What to do
Once you reach the line with "Obal na vodičský" in the material below, copy each line exactly up to and including the line with "LED Plafon łazienkowy", and skip the pictures.

*** Opening Data excerpts ***

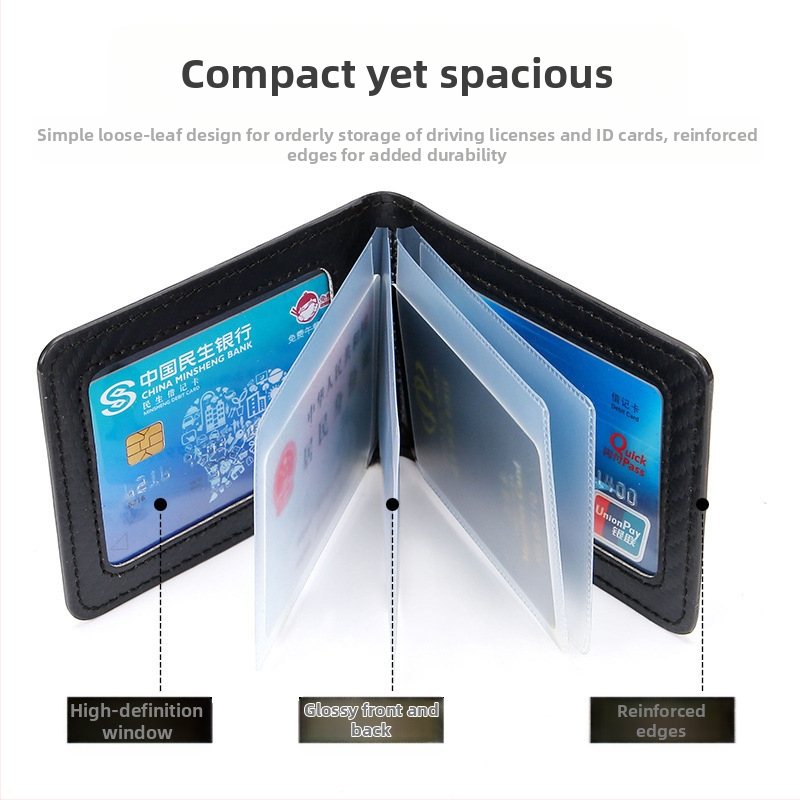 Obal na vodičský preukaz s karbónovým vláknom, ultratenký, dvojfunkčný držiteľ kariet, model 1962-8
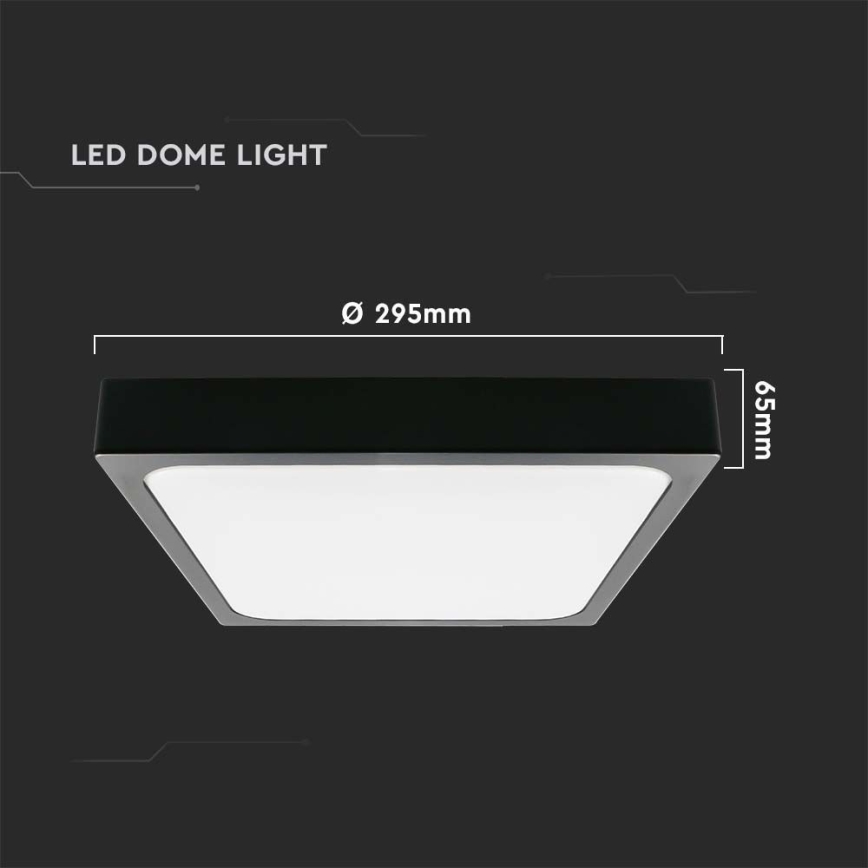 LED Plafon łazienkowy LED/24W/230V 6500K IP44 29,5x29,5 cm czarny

*** Closing Data excerpts ***
*** Opening Data excerpts ***

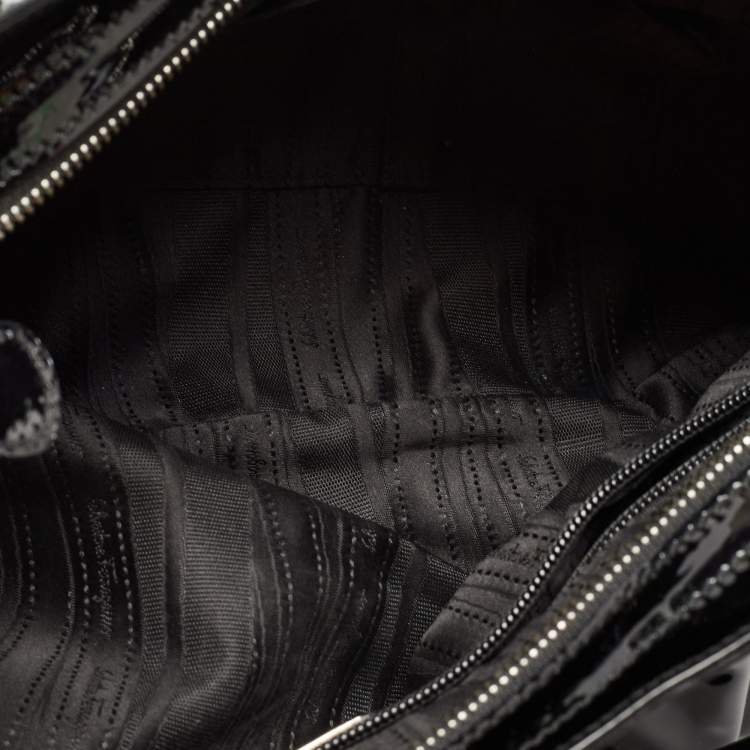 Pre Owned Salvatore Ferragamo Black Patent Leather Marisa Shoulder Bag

*** Closing Data excerpts ***

Output below
 Obal na vodičský preukaz s karbónovým vláknom, ultratenký, dvojfunkčný držiteľ kariet, model 1962-8
 LED Plafon łazienkowy LED/24W/230V 6500K IP44 29,5x29,5 cm czarny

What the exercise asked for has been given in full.